• _What the task requires_: Every line from the one with "Disney Mickey Mouse" through the end of the material below, both ends included, should be transcribed exactly, without pictures.

• _Data to use_:

"""

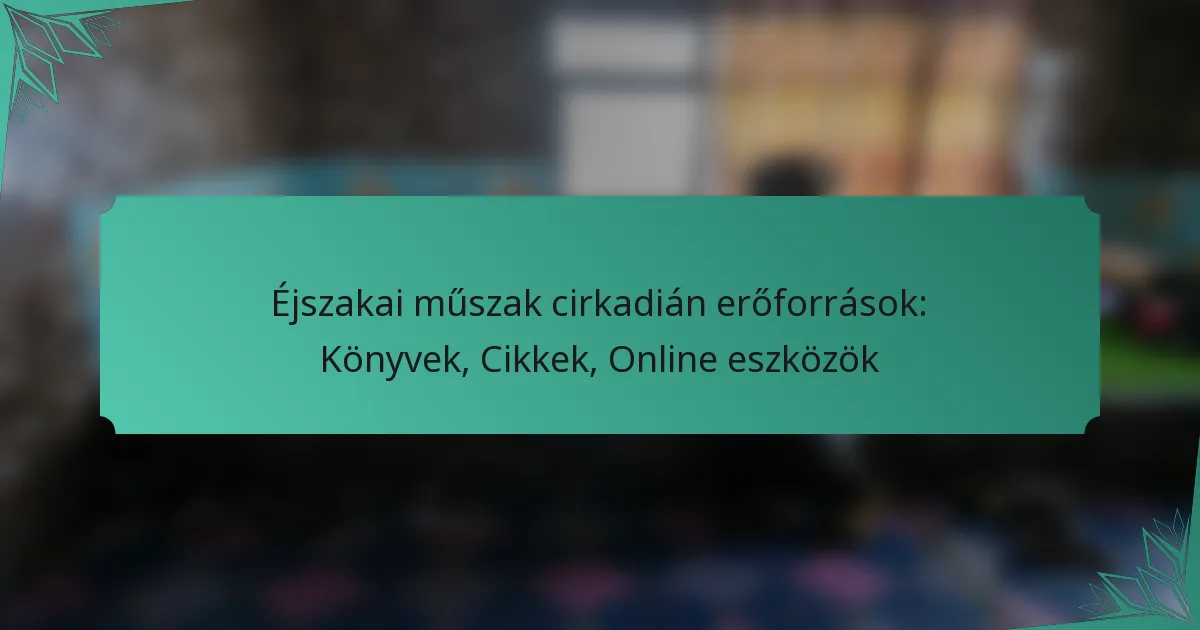 Éjszakai műszak cirkadián erőforrások: Könyvek, Cikkek, Online eszközök
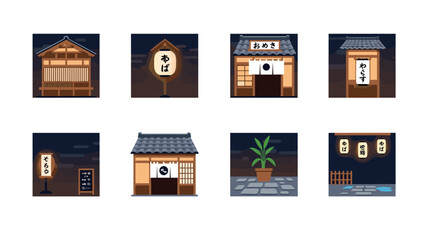 Traditional japanese storefronts and signages in flat design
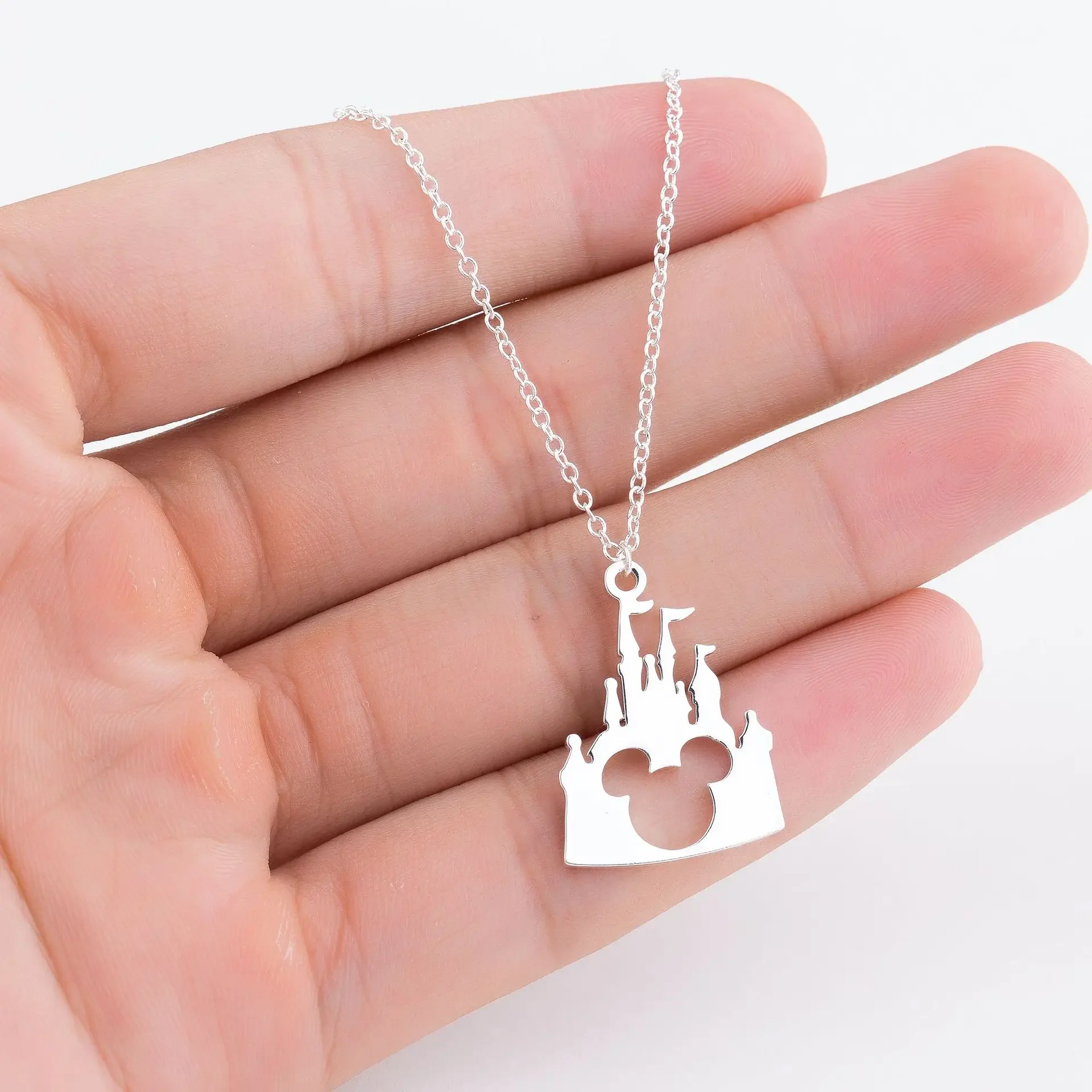 Disney Mickey Mouse Cartoon Castle Mickey Head Pendant Necklace Castle Animal Jewelry for Women Necklaces Fashion Accessories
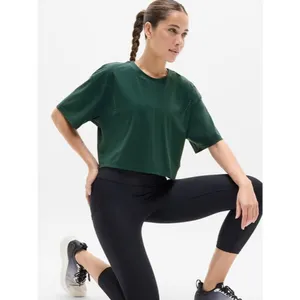 New Athleta S Ultimate Lasercut Crop Tee Pine Green Small thumbnail 4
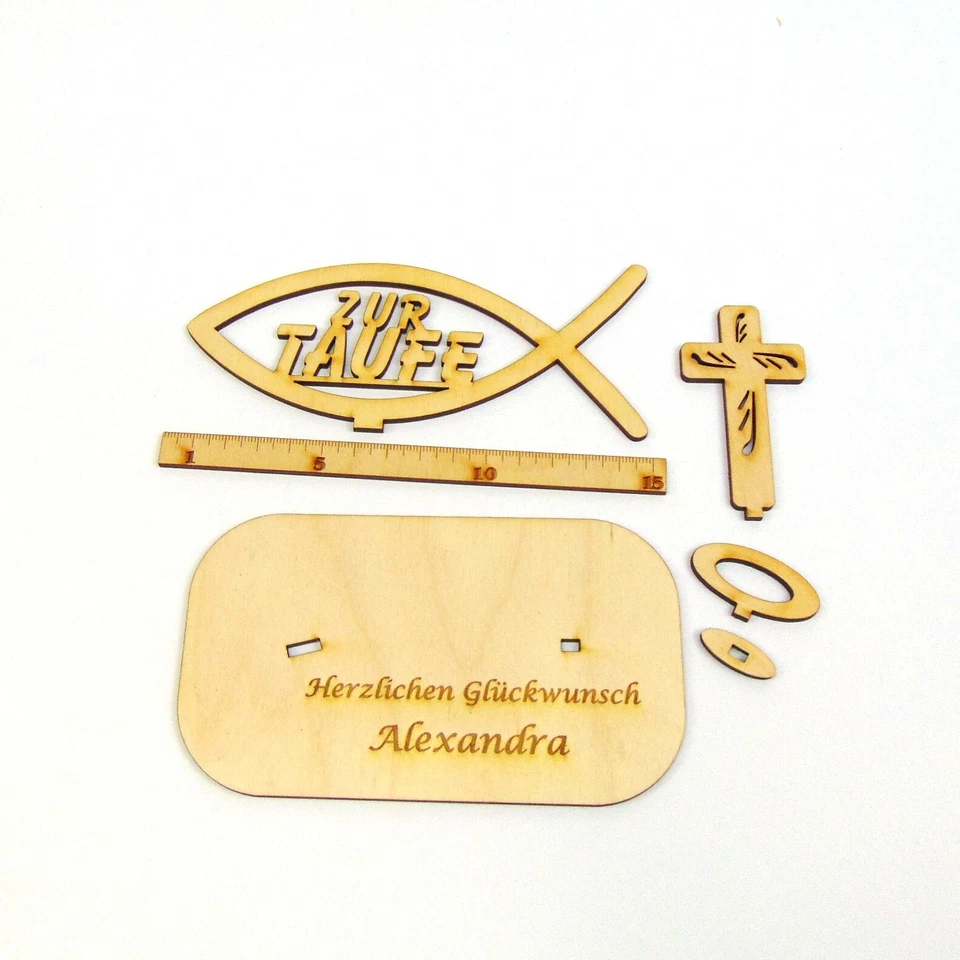 Geldgeschenk zur Taufe Personalisiert mit Namensgravur Christlich mit Fisch Holz - Bild 2 von 3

"""

• _Response area_:
 Disney Mickey Mouse Cartoon Castle Mickey Head Pendant Necklace Castle Animal Jewelry for Women Necklaces Fashion Accessories
 New Athleta S Ultimate Lasercut Crop Tee Pine Green Small thumbnail 4
 Geldgeschenk zur Taufe Personalisiert mit Namensgravur Christlich mit Fisch Holz - Bild 2 von 3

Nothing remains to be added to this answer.